他滚了滚喉结,掀开眼皮,眼底浓了一片雾。
短短几秒,和橙整个后背摩擦着车门,硬邦邦的车门硌着她蝴蝶骨,隐隐作疼。
她心跳蹦在嗓子眼,惊慌失措地拢紧了双腿。
随着他俯身,头顶橘光被他遮了一半,剩下的从他头顶劈开,坚硬黑发渡上一层鎏金。
淡淡的紫苏沉木味强势侵入鼻间。
是他身上的气味。
她屏息,双手紧紧攥着他肩颈处的衣料,蹂躏在手心。
其实,他的面容并不是很近,只是他突然倾身过来,打她一个措手不及。
她冷静下来,语气生硬:“宗先生,你,你要做什么?”
宗勖白绷着长脖,真丝衬衫领刮着他后颈,看不见的地方被刮红。
“这话应该我问你。

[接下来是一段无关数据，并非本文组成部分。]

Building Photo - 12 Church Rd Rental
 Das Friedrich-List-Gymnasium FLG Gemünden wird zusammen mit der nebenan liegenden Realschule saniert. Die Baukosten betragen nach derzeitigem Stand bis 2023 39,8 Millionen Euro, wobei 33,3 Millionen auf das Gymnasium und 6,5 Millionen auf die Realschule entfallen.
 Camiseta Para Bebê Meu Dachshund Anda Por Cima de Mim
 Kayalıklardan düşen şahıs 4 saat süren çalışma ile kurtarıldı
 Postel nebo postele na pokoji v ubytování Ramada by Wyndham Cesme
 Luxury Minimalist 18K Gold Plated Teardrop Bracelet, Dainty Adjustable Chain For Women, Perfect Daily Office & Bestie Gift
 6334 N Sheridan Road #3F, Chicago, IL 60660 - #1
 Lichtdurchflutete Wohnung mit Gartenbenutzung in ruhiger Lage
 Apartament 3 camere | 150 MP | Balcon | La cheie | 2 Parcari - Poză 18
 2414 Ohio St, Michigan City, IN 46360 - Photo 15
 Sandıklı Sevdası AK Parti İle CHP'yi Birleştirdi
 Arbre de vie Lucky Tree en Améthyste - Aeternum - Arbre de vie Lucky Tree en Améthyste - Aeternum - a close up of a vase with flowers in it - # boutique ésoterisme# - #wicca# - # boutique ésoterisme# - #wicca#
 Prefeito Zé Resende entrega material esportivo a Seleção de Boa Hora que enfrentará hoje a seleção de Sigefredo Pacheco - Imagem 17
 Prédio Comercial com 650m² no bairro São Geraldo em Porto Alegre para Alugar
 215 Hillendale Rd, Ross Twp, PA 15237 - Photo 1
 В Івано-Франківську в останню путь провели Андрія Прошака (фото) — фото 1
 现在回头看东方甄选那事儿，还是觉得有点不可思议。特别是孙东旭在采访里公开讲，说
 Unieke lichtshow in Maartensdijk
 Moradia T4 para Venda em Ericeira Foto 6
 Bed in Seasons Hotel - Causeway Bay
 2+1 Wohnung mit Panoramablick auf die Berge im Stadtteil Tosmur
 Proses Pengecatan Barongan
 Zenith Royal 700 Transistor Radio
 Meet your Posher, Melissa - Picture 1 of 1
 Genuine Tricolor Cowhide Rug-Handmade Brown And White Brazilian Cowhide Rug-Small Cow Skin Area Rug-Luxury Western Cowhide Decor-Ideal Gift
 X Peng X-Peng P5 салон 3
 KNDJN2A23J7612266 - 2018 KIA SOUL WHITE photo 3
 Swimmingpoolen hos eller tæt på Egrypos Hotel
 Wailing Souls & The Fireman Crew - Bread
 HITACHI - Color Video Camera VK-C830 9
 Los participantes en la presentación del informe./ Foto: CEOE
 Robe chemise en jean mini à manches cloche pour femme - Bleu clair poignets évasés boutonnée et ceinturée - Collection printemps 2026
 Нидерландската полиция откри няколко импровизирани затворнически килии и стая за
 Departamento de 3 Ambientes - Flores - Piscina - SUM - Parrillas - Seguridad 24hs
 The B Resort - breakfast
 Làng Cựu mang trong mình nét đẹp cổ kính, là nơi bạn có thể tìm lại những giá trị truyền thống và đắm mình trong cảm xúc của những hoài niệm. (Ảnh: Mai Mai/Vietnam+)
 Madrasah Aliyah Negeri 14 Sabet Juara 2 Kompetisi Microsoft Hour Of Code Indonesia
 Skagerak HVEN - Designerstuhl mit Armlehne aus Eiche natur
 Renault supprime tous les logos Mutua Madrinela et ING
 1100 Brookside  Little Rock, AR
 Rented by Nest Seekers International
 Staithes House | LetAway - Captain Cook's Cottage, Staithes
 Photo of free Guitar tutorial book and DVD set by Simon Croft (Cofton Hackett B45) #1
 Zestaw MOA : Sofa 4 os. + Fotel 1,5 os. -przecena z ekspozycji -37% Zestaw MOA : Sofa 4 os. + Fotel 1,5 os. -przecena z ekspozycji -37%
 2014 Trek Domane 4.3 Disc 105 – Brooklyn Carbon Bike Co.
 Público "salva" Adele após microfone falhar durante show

”
他长睫往下,视线焦着被她牵扯出来的衣料,她扯得太紧,壁垒分明的胸肌敞开了好一大片。
他唇角勾起弧度,嗓有些蔫坏,“我也不是那么热。”
和橙顺着他的视线,眼瞳骤然放大,春光乍泄令她肌肤红温,别开脸蛋,闭上眼。
手掌心依旧不动。
他乌眸夹着光,玩笑:“还攥?”
和橙意识到自己攥得太用力,像是要把他拽过来亲吻,她明明是想要推开他的!
对他的靠近毫无防备,一时如临大敌,没意识到力的方向早就变了。
她猛地松手。手心黏糊糊,有细汗。
宗勖白丝毫不在意地抬臂,骨节分明的长指拎着红绳,展开成半圆,铜钱吊坠悬在两人之间。
他干脆利落往她脖子上戴。
动作轻车熟路,彷佛他才是送她项链的人。
他拥有项链佩戴权。
资助人理所当然的举动令和橙呼吸一滞,肩膀紧紧靠着车门,梗着脖子,安静氛围里皱眉。
她不理解,哪里有人会如此强势给人戴上项链的。
她们还不熟,不是可以做这种事情的关系。
“脑袋出来点。”
他轻描淡写的温柔口吻,却有不容置喙的强势和命令。
和橙没动,车门彷佛是她的保护墙。她用身体拒绝、抗拒他的好心接触。提起胆子,伸手直接从他手里抢回红绳,他的手瞬间空荡荡。
她将红绳攥在手心,圆形铜钱硌着她的掌纹路,她执拗地说:“我自己回去戴。”
戴饰品这种行为很暧昧,除了奶奶,熟人女性朋友,男性只有叶言之给她戴过。
他不适合给她戴。
项圈是普通伸缩圈口,扣头圈口松了些,稍微用力拉扯一下就会掉,之前也掉过两次。
她每次洗澡时都会特意取下,是麻烦了点,但也习惯了。
宗勖白乌眸锁住她。她似乎被他的靠近吓到,后颈死死抵着车门,两侧脸颊拱起发丝,随着呼吸颤动凌乱。
他目光掠过她惨白的脸,浅浅弯唇,笑意不抵眼底,温声问:“戴个项链,至于怕成这样?”
“是怕男友知,你同我有接触?”
“那你撕我衣服,他是不是也会吃醋?”
话有点露骨。
和橙肩膀一僵,一动不动地和他对视,背脊发凉。